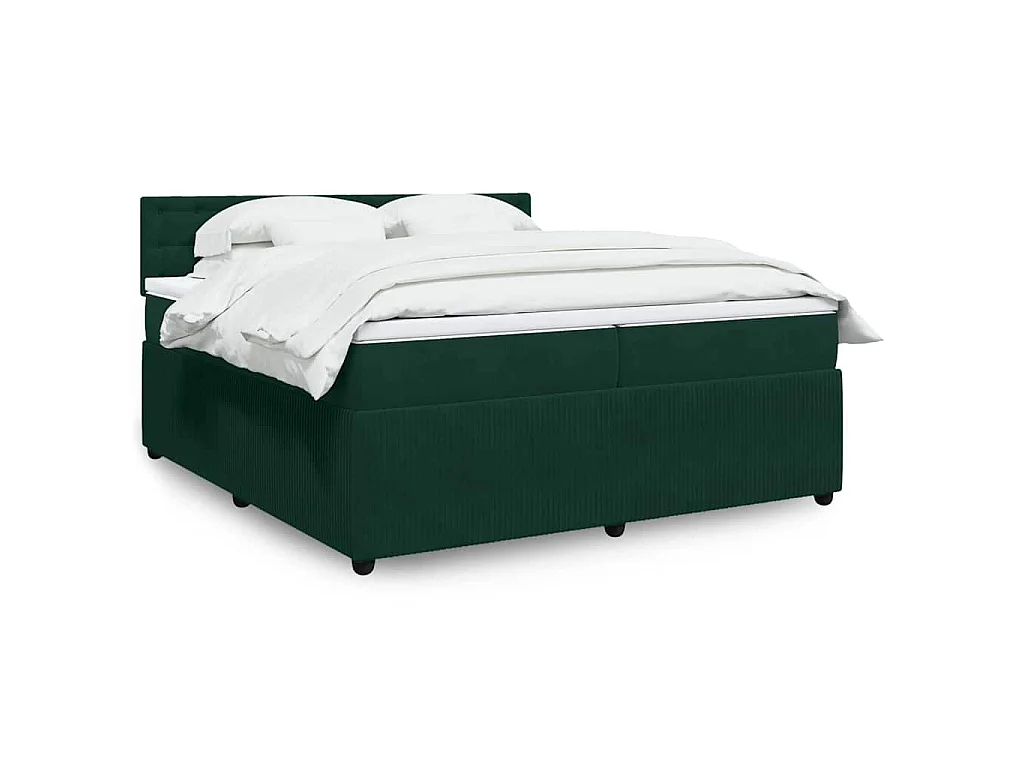 Sommier à lattes de lit et matelas Vert foncé 200x200cm Velours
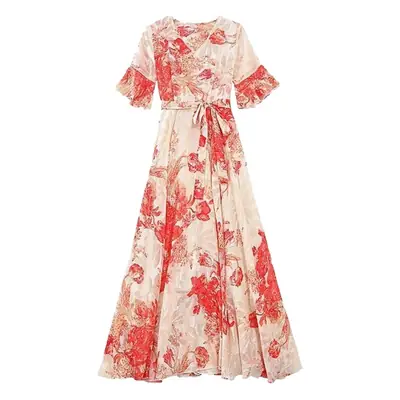 2022 Floral Gown Dress for Women with Red Embroidery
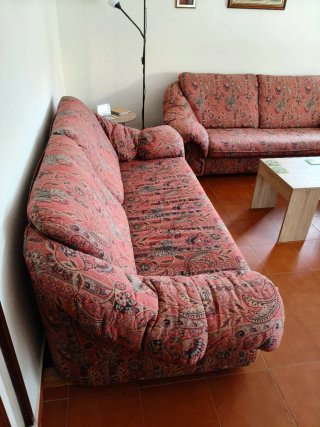 2 Sofás de 3 Plazas Tela Estampada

REQUIRED WORK: From the line containing "2022 Floral Gown" down to the final line of the material, restate every line word for word, and only those; drop the pictures.

SOLVED EXERCISE:
 2022 Floral Gown Dress for Women with Red Embroidery
 2 Sofás de 3 Plazas Tela Estampada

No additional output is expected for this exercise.